List all lines of the data that include the string "Girls".

(Materials provided Opens)

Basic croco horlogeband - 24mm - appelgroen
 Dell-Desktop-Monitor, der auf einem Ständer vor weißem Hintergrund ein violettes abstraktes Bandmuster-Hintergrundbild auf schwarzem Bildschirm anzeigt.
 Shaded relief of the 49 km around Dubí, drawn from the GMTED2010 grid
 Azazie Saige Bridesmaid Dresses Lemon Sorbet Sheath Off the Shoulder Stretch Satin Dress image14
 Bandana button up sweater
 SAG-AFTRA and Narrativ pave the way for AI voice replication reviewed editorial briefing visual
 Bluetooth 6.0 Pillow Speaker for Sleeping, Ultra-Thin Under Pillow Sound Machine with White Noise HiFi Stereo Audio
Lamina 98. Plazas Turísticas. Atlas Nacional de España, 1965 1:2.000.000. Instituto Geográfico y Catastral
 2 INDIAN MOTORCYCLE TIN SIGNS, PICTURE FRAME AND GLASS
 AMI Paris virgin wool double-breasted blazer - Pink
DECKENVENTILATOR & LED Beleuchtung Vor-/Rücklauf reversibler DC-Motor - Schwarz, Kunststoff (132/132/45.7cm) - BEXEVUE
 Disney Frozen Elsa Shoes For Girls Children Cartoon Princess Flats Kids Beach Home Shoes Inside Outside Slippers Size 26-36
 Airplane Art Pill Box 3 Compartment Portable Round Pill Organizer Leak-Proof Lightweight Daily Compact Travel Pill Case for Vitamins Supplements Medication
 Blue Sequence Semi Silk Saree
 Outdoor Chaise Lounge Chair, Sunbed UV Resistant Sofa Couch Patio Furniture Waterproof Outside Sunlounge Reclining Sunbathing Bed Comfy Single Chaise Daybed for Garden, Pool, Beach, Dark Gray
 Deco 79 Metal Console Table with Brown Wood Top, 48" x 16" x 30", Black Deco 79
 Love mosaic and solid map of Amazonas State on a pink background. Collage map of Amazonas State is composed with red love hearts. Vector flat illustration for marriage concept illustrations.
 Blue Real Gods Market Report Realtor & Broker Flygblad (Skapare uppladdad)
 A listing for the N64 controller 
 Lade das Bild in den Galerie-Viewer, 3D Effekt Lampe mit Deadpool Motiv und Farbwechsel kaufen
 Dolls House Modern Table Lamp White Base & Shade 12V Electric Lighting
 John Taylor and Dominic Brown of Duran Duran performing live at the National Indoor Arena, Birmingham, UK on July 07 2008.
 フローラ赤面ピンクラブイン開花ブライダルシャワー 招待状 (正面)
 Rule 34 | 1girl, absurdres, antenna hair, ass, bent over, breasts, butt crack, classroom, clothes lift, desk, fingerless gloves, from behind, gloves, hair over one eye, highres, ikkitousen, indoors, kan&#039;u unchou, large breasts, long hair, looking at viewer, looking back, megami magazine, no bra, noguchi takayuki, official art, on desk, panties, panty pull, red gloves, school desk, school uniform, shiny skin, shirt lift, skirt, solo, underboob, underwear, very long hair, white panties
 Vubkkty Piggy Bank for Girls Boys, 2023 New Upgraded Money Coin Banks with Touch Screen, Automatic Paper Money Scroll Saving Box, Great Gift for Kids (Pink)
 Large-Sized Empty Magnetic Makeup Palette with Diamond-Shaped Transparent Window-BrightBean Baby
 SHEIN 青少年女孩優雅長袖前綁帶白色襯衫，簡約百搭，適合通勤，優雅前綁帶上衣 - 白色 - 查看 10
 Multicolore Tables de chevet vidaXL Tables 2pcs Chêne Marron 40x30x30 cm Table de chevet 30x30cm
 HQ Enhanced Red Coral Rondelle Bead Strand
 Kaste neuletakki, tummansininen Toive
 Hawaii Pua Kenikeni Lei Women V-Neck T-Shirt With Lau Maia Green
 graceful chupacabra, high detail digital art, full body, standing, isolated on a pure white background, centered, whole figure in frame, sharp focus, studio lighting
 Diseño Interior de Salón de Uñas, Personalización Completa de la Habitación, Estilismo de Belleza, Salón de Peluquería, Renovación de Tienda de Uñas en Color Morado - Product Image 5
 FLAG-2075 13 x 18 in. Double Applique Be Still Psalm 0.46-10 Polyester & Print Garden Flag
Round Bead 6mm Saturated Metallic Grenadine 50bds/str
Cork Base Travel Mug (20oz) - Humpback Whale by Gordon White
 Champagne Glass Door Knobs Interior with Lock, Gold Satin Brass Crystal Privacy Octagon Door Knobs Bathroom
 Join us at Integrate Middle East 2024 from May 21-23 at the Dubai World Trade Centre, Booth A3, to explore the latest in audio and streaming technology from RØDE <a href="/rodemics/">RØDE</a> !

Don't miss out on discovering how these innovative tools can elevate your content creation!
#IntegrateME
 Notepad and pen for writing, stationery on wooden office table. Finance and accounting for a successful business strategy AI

(Materials provided Closes)

_Task output:_
 Disney Frozen Elsa Shoes For Girls Children Cartoon Princess Flats Kids Beach Home Shoes Inside Outside Slippers Size 26-36
 Vubkkty Piggy Bank for Girls Boys, 2023 New Upgraded Money Coin Banks with Touch Screen, Automatic Paper Money Scroll Saving Box, Great Gift for Kids (Pink)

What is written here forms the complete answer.